A eux de garder cette petite avance...
Les yeux fermés sur ses pensées, elle sursauta et crut avoir rêvé : on avait sonné à sa porte.
Elle se leva paresseusement et se dit que si c'était Paolo, il allait le regretter.
Elle vit immédiatement la feuille de papier qu'on avait glissée sous la porte d'entrée.
Pas d'enveloppe cette fois.
« Ma Judith, tu n'es pas venue. Tu ne le sais pas mais Dieu nous a choisis. Je te convaincrai. Je t'aime.
Bobby ».
Elle eut un instant de panique : il était venu jusque derrière sa porte, il était là ! Elle n'osa pas ouvrir la porte, ni même regarder dans l'oeilleton.
Il était presque midi.
La lettre à la main, livide, elle appela Célia et lui expliqua ce qu'il venait de se passer. Elle avait si peur qu'il écoute derrière la porte qu'elle chuchotait.
- Je ne sais pas quoi faire, lui dit-elle. Tu te rends compte, il est venu là et il a sonné à ma porte ! Je suis sûre qu'il est dans le couloir à écouter.
- Ecoute, calme toi, tu es enfermée, personne ne peut entrer. Le temps de me préparer et je vais passer d'ici... allez, maximum 45 minutes, ça va ?
- Oui, s'entendit-elle dire. C'est sympa. Je t'attends.
- Ok, lui dit encore Célia, je sonne trois fois, comme ça tu sauras que c'est moi.
Elle raccrocha et essaya de raisonner calmement.
Célia avait raison, personne ne pouvait entrer, elle avait une porte très solide.
Mais ensuite ? Et s'il l'attendait dehors ?
Elle fila prendre une douche, pas rassurée...
La sonnette retentit trois fois.
- C'est moi, dit la voix de Célia dans l'interphone.
Judith actionna l'ouvre-porte du bas.
Célia monta avec l'ascenseur et elle la vit arriver dans l'oeilleton. Une fois entrée, Célia la regarda et la prit dans ses bras.
- Ca me fait peur, dit Judith, tu ne peux pas t'imaginer.

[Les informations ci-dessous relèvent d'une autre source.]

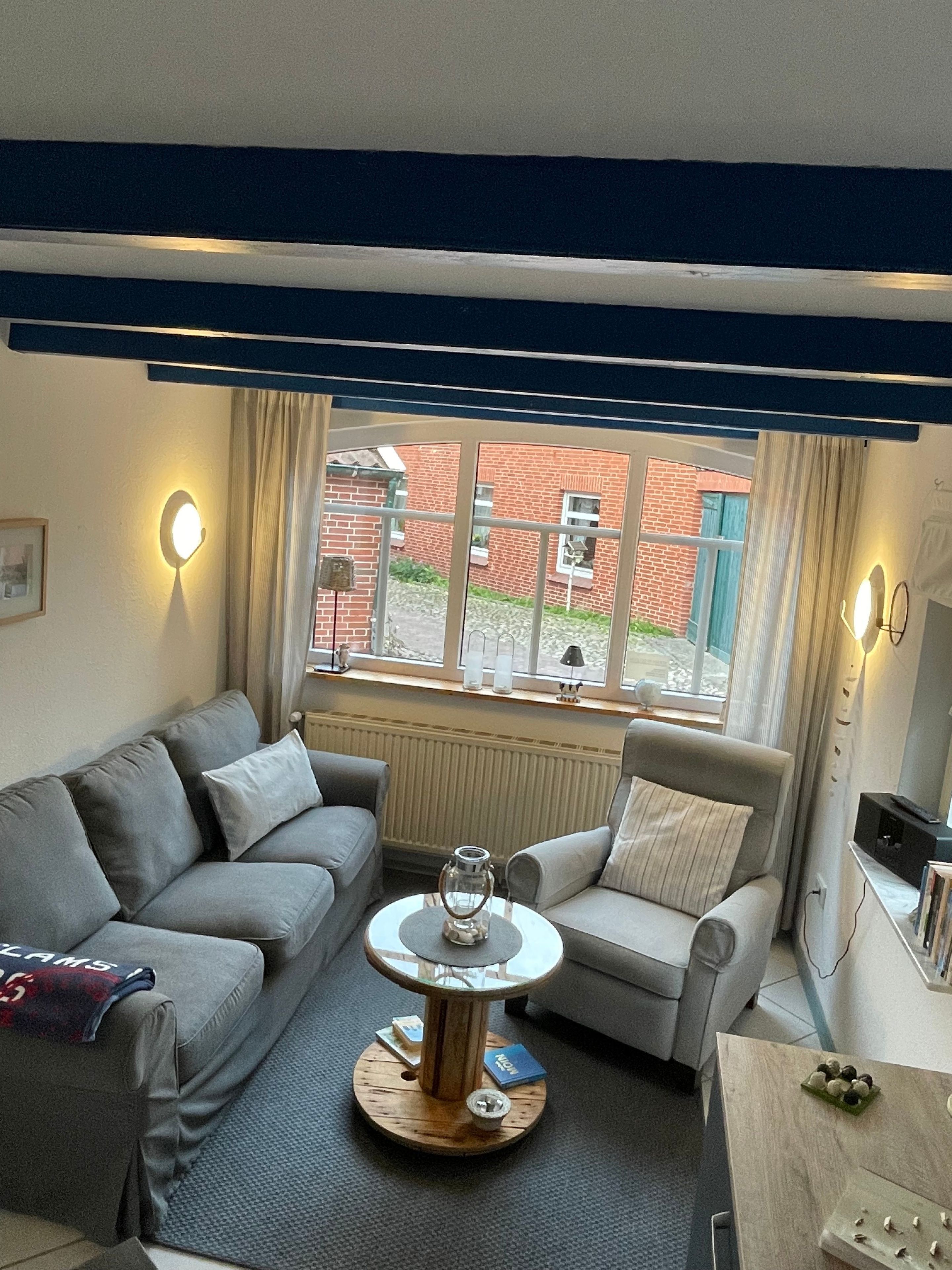 A living room with a grey sofa, a round coffee table, and a view of a brick building outside.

Elle lui montra les trois lettres signées Bobby.
Célia réfléchit et secoua la tête :
- C'est un siphonné, dit-elle. « Dieu nous a choisis », c'est quoi ces conneries ?
- En tous cas, Loïc avait raison : il m'a dit hier soir que ce mec n'en resterait pas là... Tu crois qu'il faut prévenir la police ?

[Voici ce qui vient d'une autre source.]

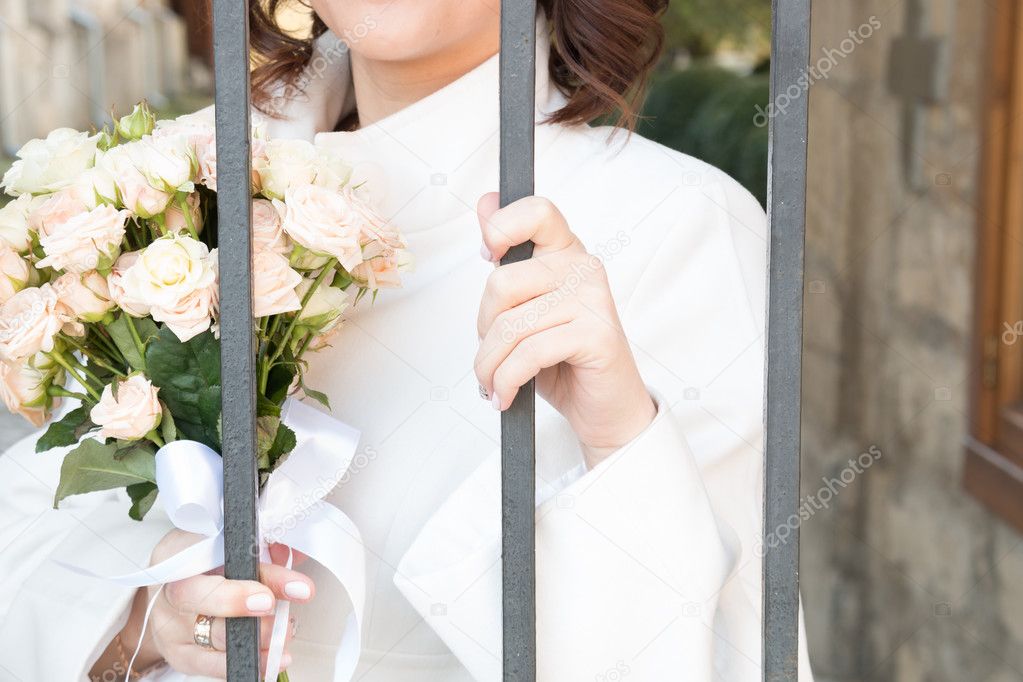 bride with flowers behind bars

- Je n'en sais rien. Ce n'est pas un peu prématuré, tout de même ? Tu ne vois pas que ce soit quelqu'un qui te fasse une blague ?
- Ah non, ne parle pas comme Paolo, dit Judith. Je n'imagine personne dans mon entourage assez bête pour me foutre la trouille comme ça.
- Ecoute, on va aller grignoter quelque chose et on ira chez moi ensuite. Luc est absent pour trois semaines, il est au Japon pour son job.Tu vas rester avec moi ce soir. Je ne t'imagine même pas passer la nuit seule ici. Et puis demain on avisera, tu peux rester le temps que tu veux à la maison si c'est nécessaire. Tu as parlé de cette histoire à tes parents ?
- Non, je ne veux pas les alarmer, tu connais ma mère. Et puis ils sont à Lyon, que pourraient-ils faire ?
Elle partirent toutes les deux et déjeunèrent dans une petite brasserie non loin de chez Célia.
Judith ne put quasiment rien avaler.
Puis elles prirent le métro et gagnèrent l'appartement de Célia.
- On se met un petit film ? demanda celle-ci. Un truc marrant, ça nous changera les idées.
- Si tu veux. Dis-moi, tu le connais depuis longtemps, Loïc ?
- Tiens tiens... Attends, disons... à peu près 6 mois. C'est un ami de Luc. Il est sympa non ? demanda Célia en faisant un clin d'oeil.
- Oui, très sympa. Et toi tu es une véritable entremetteuse.
- Il faut bien que je prenne ton destin en mains, Paolo t'accapare et tu ne penses qu'aux échecs !
- Célia, c'est mon métier !
- Oui, oui, mais gaulée comme tu es, à 22 ans, il y a autre chose dans la vie.
Célia mit le film et le smartphone de Judith sonna.
- Allo ?
Il y eut un silence à l'autre bout. Elle répéta « Allo ». Nouveau silence, un souffle, puis on raccrocha.
Judith regarda le journal du téléphone : numéro masqué.
- Personne au bout, l'interrogea Célia ?
- Si, j'ai entendu un souffle mais c'est tout.
Elles se regardèrent, pensant à la même chose.
- Arrête, dit Célia, réfléchis, il ne peut pas avoir ton numéro !
- Il a bien eu mon adresse, dit Judith d'une voix blanche... Je suis sûre que c'était lui !
Judith regardait le téléviseur mais c'était comme s'il n'existait pas.
Perdue dans ses pensées, elle ne vit rien du film.
L'appartement de Célia avait deux chambres mais cette nuit-là, Judith passa la nuit pelotonnée contre son amie, comme une petite fille apeurée qui ne veut pas dormir seule.